***** INFORMATION SUPPLIED *****

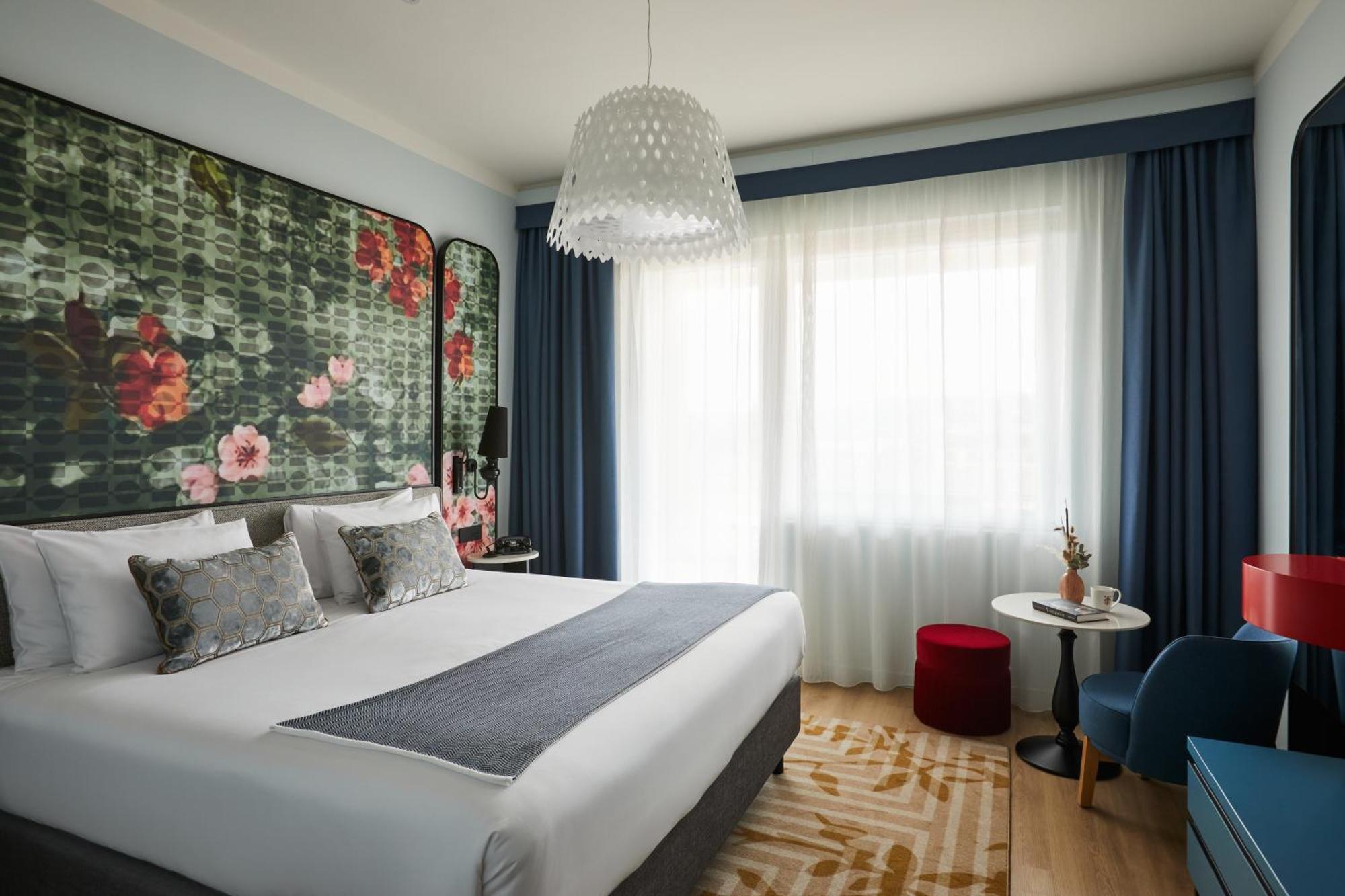 Premium King Room Balcony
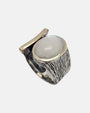 Anillo ancho artesanal con cabujón ovalado de piedra luna en bisel dorado y barra lateral curvada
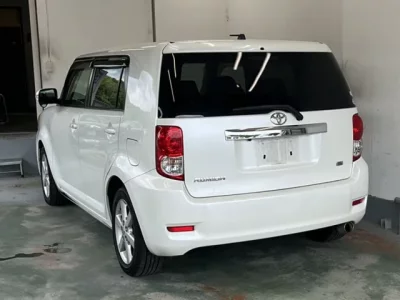Toyota COROLLA RUMION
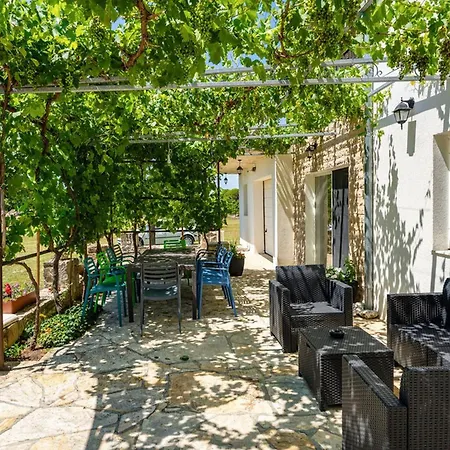 Mandorla With Private Pool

*****

## WHAT YOU HAVE TO DO
Repeat the whole listing above word for word. Leave out the pictures.

## THE ANSWER
 Premium King Room Balcony
 Anillo ancho artesanal con cabujón ovalado de piedra luna en bisel dorado y barra lateral curvada
Toyota COROLLA RUMION
 Mandorla With Private Pool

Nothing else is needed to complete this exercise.